Instructions for the task :: From the line containing "Blouseshirt met overhemdkraag" down to the final line of the entries below, quote every line verbatim. Exclude pictures.

(Excerpts from a dataset)
=== Begin Enclosure ===

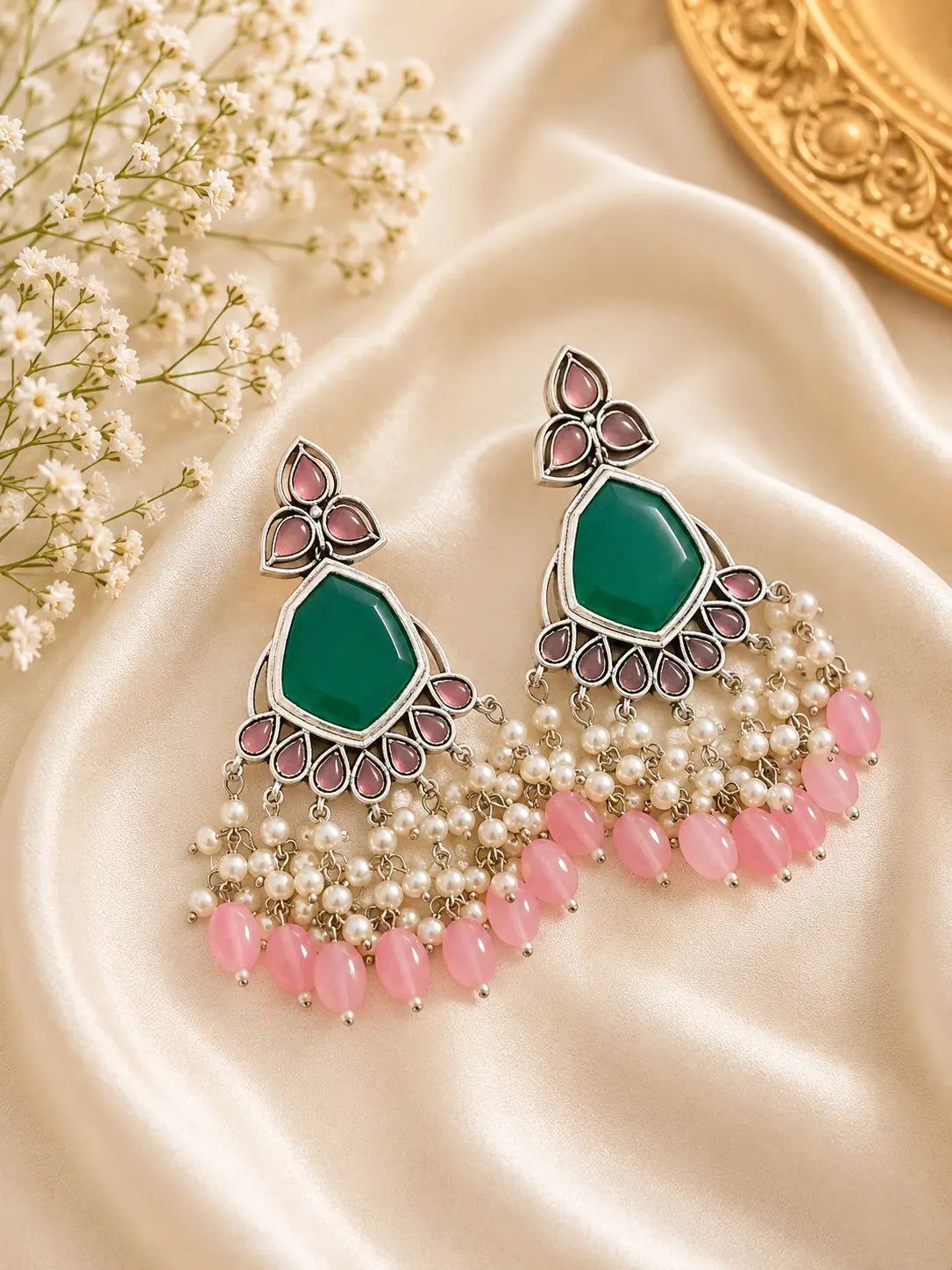 Royal Green & Pink Pearl Statement Earrings
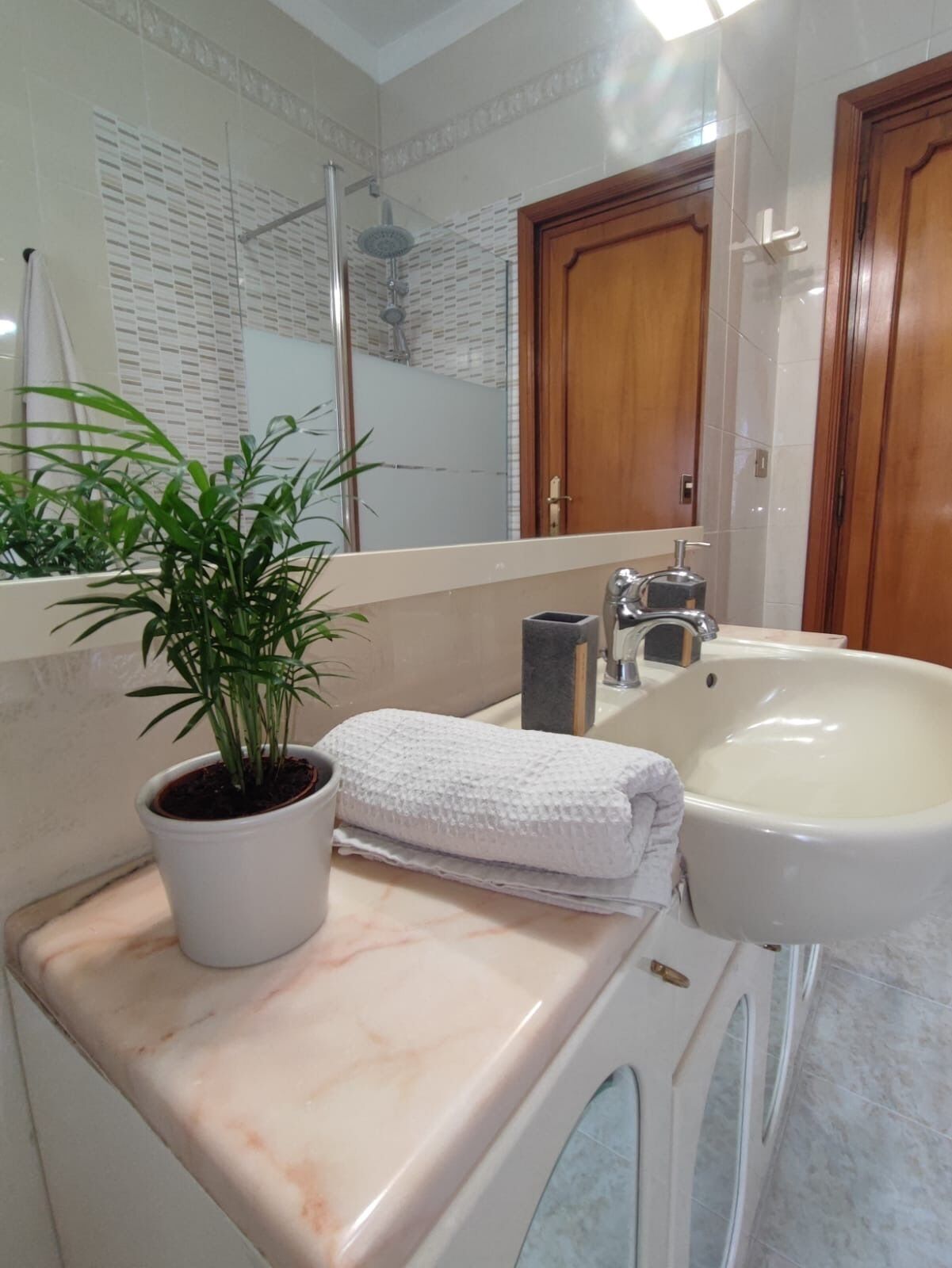 Shower, hair dryer, bidet, towels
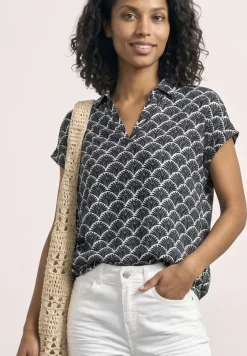 Blouseshirt met overhemdkraag en elastische zoom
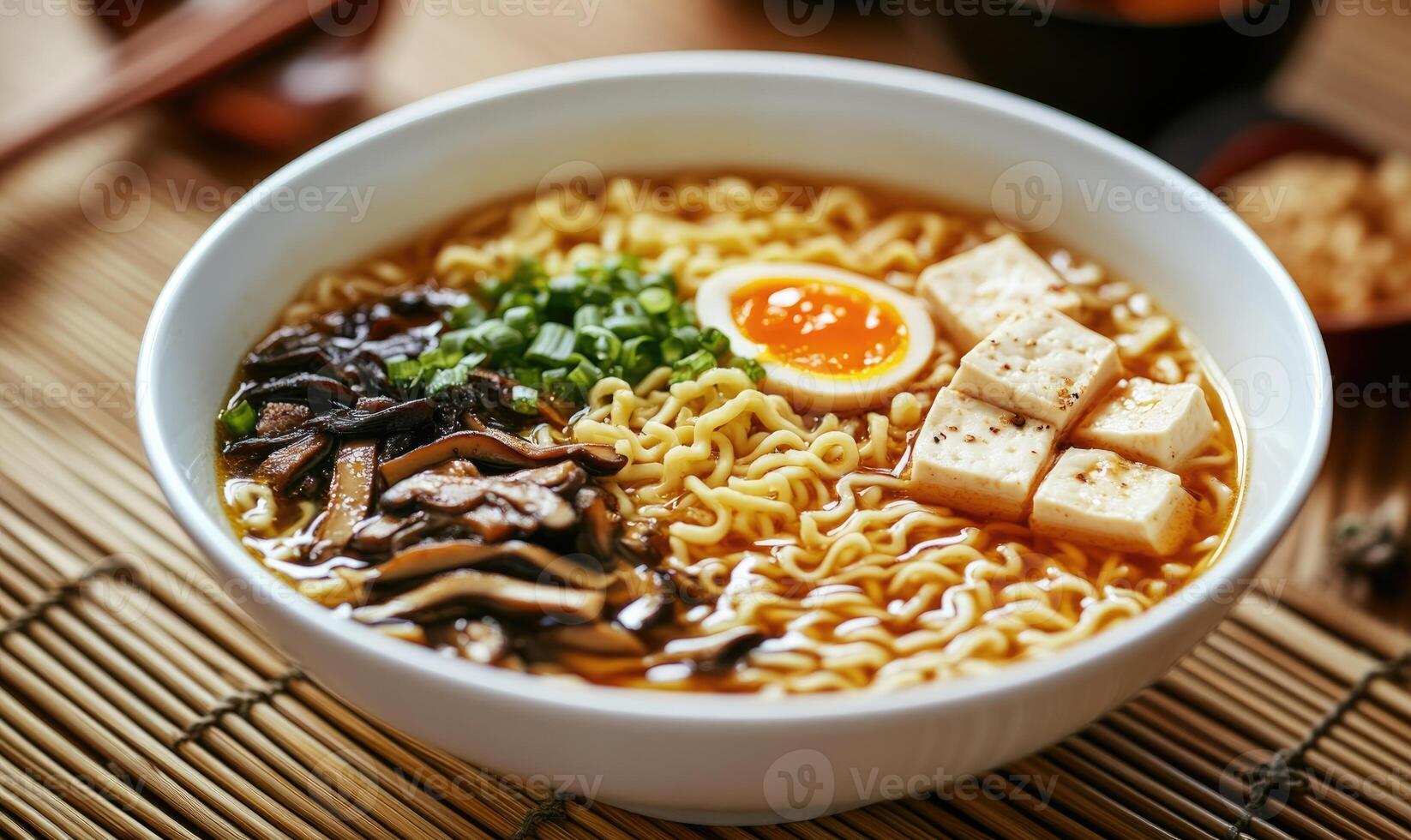 A bowl of ramen with egg and tofu photo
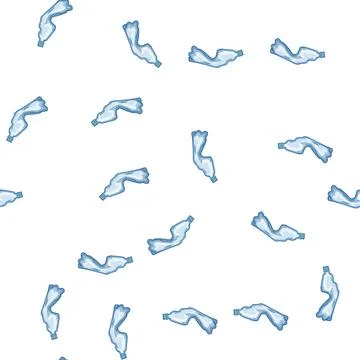 Pattern empty crumpled plastic bottle cartoon vector イラスト素材
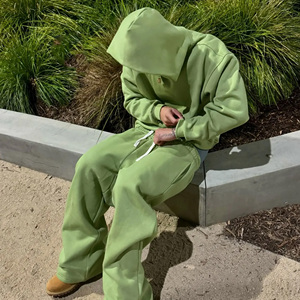 Conjunto de Sudadera y Pantalones Deportivos Y2K Personalizados <span class=keywords><strong>para</strong></span> <span class=keywords><strong>Hombre</strong></span>, Estilo Urbano, con Capucha y Pantalones Apilados, Traje Deportivo Personalizado <span class=keywords><strong>para</strong></span> <span class=keywords><strong>Hombre</strong></span> - Product Image 2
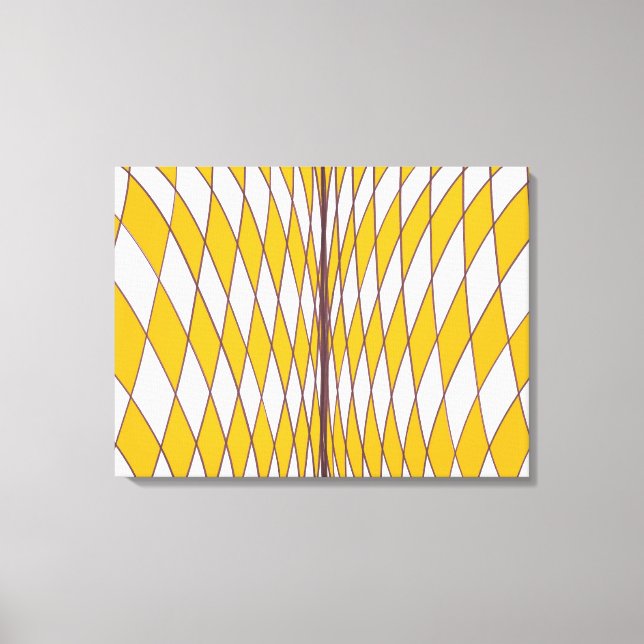 Optical Illusion Curved Diamonds Yellow Canvas Print (Front)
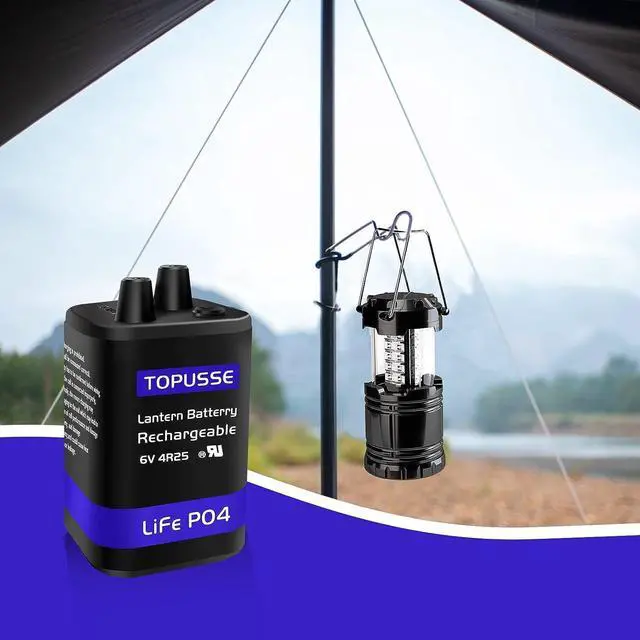 Alt view image 5 of 6 - Rechargeable 6 Volt 4.5AH LiFePO4 Lantern Battery with Charger 1500+ Cycles, 6V Batteries Battery with BMS (Spring Terminals) 2 Pack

=== End Enclosure ===

Your response ::
 Blouseshirt met overhemdkraag en elastische zoom
 A bowl of ramen with egg and tofu photo
 Pattern empty crumpled plastic bottle cartoon vector イラスト素材
 Conjunto de Sudadera y Pantalones Deportivos Y2K Personalizados <span class=keywords><strong>para</strong></span> <span class=keywords><strong>Hombre</strong></span>, Estilo Urbano, con Capucha y Pantalones Apilados, Traje Deportivo Personalizado <span class=keywords><strong>para</strong></span> <span class=keywords><strong>Hombre</strong></span> - Product Image 2
 Optical Illusion Curved Diamonds Yellow Canvas Print (Front)
 Alt view image 5 of 6 - Rechargeable 6 Volt 4.5AH LiFePO4 Lantern Battery with Charger 1500+ Cycles, 6V Batteries Battery with BMS (Spring Terminals) 2 Pack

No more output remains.